The excellent hollows_hunter project by hasherazade likewise fails to detect the malicious behavior introduced by StackMoonwalk++, when relying on call stack analysis—as shown in the example below.
However, due to our use of SystemFunction032 as both the encryption and decryption routine, hollows_hunter can detect the encrypted shellcode when running with the /obfus 3 parameter enabled. In this configuration, the tool identifies characteristic patterns of obfuscated memory regions, even though the call stack remains undetectable.
As a final step, we confirmed that the Moonwalk technique, enhanced with the refinements introduced in this blog post, successfully bypasses our publicly available implementation of the Eclipse detection algorithm.
Code
The code for this can be found at Moonwalk++. It is called Moonwalk– thanks to GitHub not allowing + in the name.
Disclaimer
The code is ugly as hell, exactly as the original POC. It should be meant to let you see what is happening without too many complications but… well, I guess you’ll need to figure out some stuff on your own.
Most important files are the ASM ones. The mooninject.asm code, once assembled, is what you will find as shellcode in the POC.
Closing Remarks
Detection often relies on assumptions. Of course, the more fragile those assumptions become, the easier they are to bypass in practice. With that in mind, I wanted to close out the Moonwalk series. This technique has been, in my opinion, seriously underestimated or misunderstood.

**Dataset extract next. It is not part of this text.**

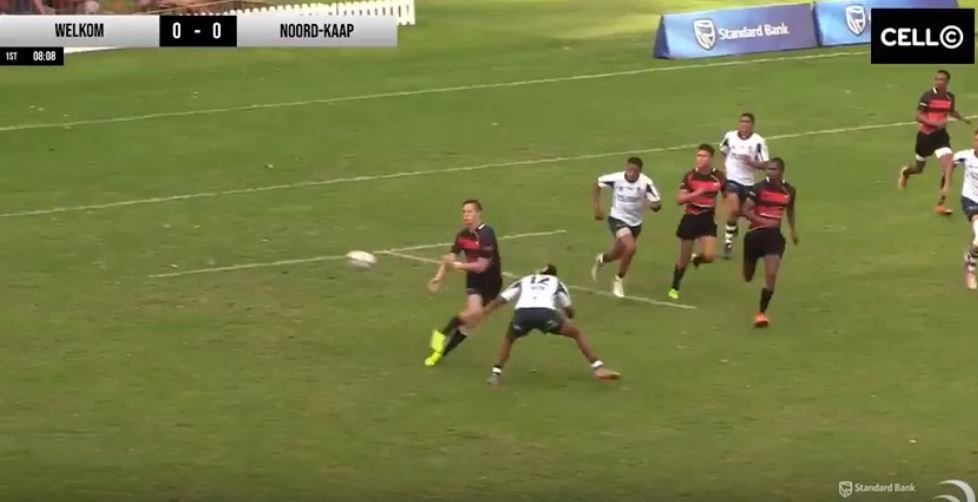 VIDEO: South African schoolboy side go 100 metres with 5 passes in 20 seconds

On my part, over the past years, I’ve had a lot of fun playing around with it, and this final entry is my way of showcasing how far it could go if pushed a little.
Thanks
As for my previous blogpost on StackMoonwalk, I’d like to thank namazso again for his previous involvement in the research that led to the creation to StackMoonwalk, and for his previous support.
And of course, a huge thanks to my always friends Arash Parsa, aka waldo-irc and Athanasios Tserpelis, aka trickster0, which helped me out with the original Stack Moonwalk research.